Exercise directions: Each line below is to be copied exactly; images do not go into the copy.

(Source data Opens)

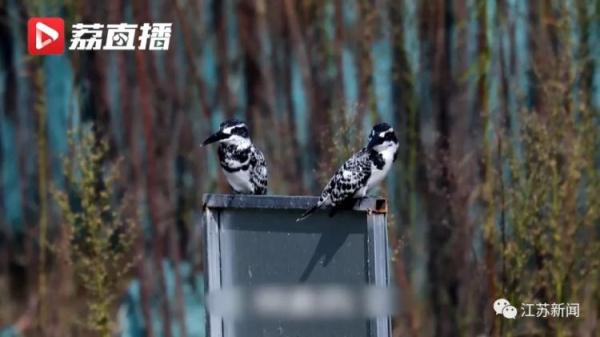 为了这窝小生命,挖掘机霸气转向! 为了这窝小生命,挖掘机霸气转向!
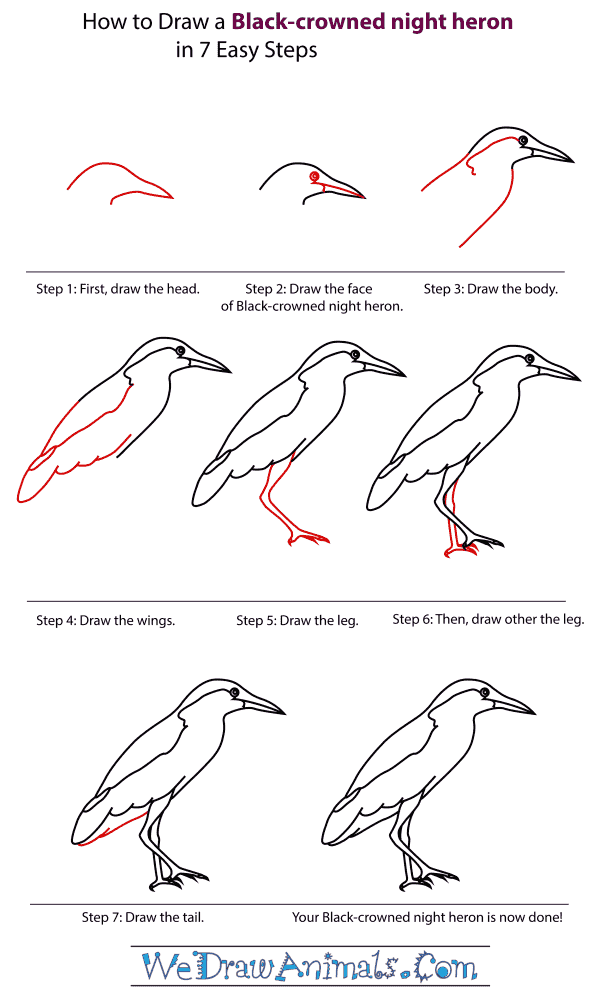 How To Draw A Black-Crowned Night Heron - Step-By-Step Tutorial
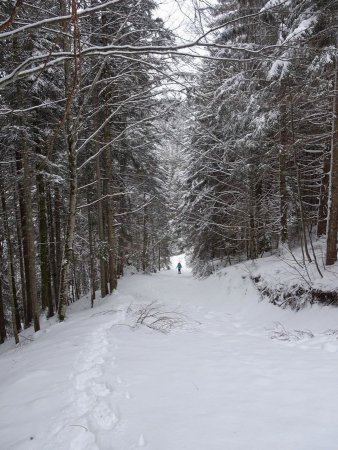 Montée vers le Crêt du Char : regard arrière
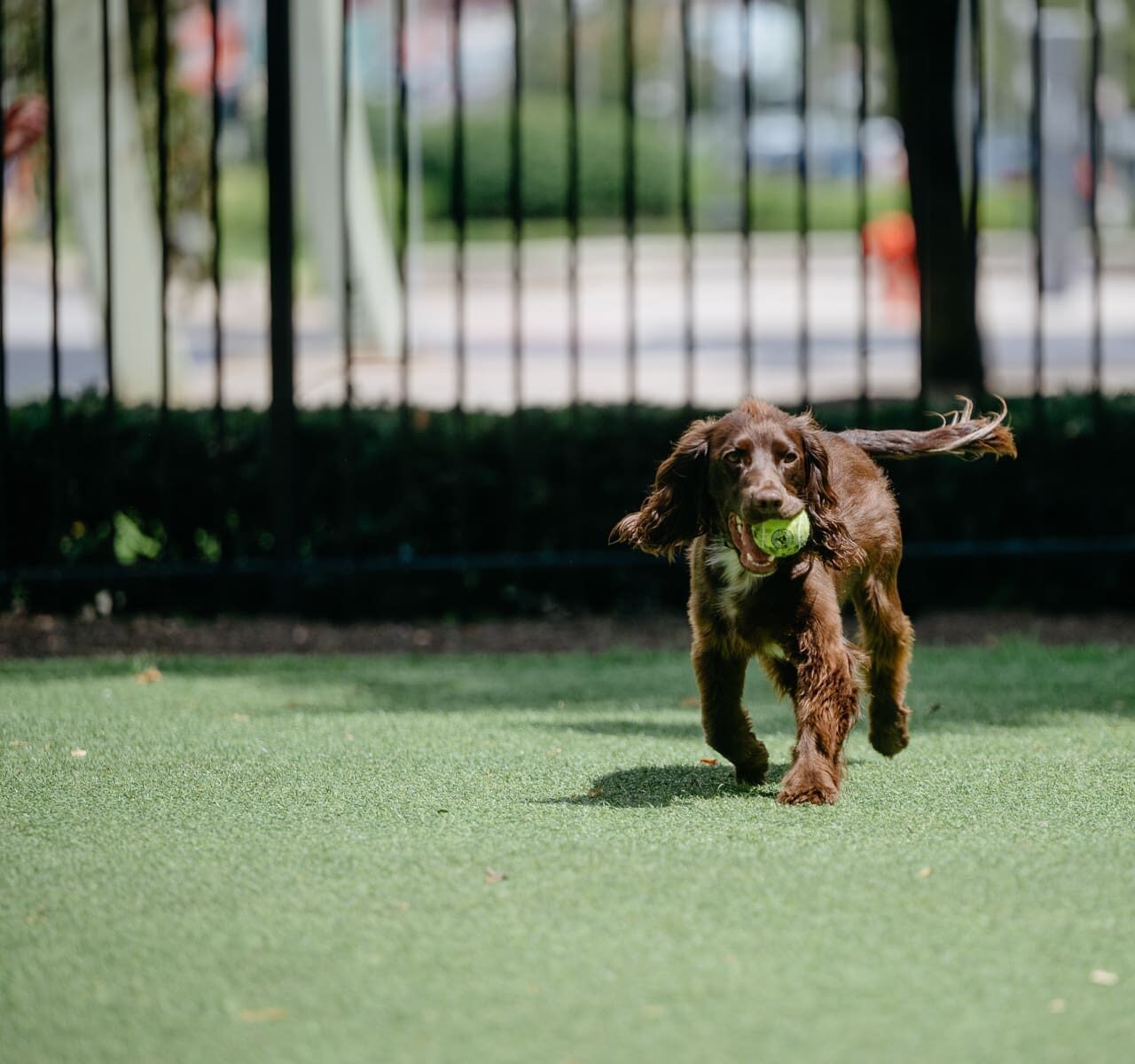 Fetch + Flannels — Organizer image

(Source data Closes)

Solution to this exercise:
 为了这窝小生命,挖掘机霸气转向! 为了这窝小生命,挖掘机霸气转向!
 How To Draw A Black-Crowned Night Heron - Step-By-Step Tutorial
 Montée vers le Crêt du Char : regard arrière
 Fetch + Flannels — Organizer image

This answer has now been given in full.